Más lejos aún alcanzamos una galería ancha y alta, con arena y con lugares que invitaban al descanso. Pero no descansábamos. Tal vez recorrimos dos kilómetros antes de llegar a una bifurcación. Hacia la izquierda un estrecho meandro desfondado. Hacia la derecha una ruta sembrada de bloques ciclópeos hasta donde podíamos vislumbrar. Tuvimos que descifrar el camino buscando los indicios dejados por los exploradores. Sus huellas, a veces, contaban historias titubeantes, indecisas. Ellos -y nosotros- tuvieron que tantear para encontrar la ruta. En la lejanía comenzó a escucharse el rumor de un río. Luego llegamos a una playa de guijarros y bloques donde descansamos y comimos un poco. Seguimos hacia el oeste, aguas arriba del río.
De nuevo la ruta exigía descifrar los indicios. Un paso muy expuesto nos cerro el camino. La inspiración me dijo que era posible una ruta más segura hacia la izquierda. Así alcanzamos una zona ancha -casi una sala- en la que el río era de nuevo protagonista. Pero se estaba haciendo tarde y había que volver.

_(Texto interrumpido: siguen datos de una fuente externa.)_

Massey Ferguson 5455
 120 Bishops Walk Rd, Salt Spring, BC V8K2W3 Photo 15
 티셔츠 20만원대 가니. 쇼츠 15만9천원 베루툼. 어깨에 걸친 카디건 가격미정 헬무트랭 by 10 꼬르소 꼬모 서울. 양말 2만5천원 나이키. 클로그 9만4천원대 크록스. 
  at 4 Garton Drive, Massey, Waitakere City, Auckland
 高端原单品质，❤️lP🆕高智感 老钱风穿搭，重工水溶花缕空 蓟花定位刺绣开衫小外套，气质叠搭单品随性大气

Estimábamos que llevando unas ocho horas a ritmo de búsqueda la vuelta nos llevaría menos de la mitad.
Antes de las diez estábamos en el campamento. Tomamos sopa, pan con lomo, pan con atún, y espaguetis carbonara. A las once nos dispusimos a dormir –quizás a soñar-. Tuve sueños extraños. Nos levantamos a las cinco sin sueño y partimos hacia las seis. El día estaba espléndido cuando alcanzamos la superficie. A las diez desayunábamos en Ramales.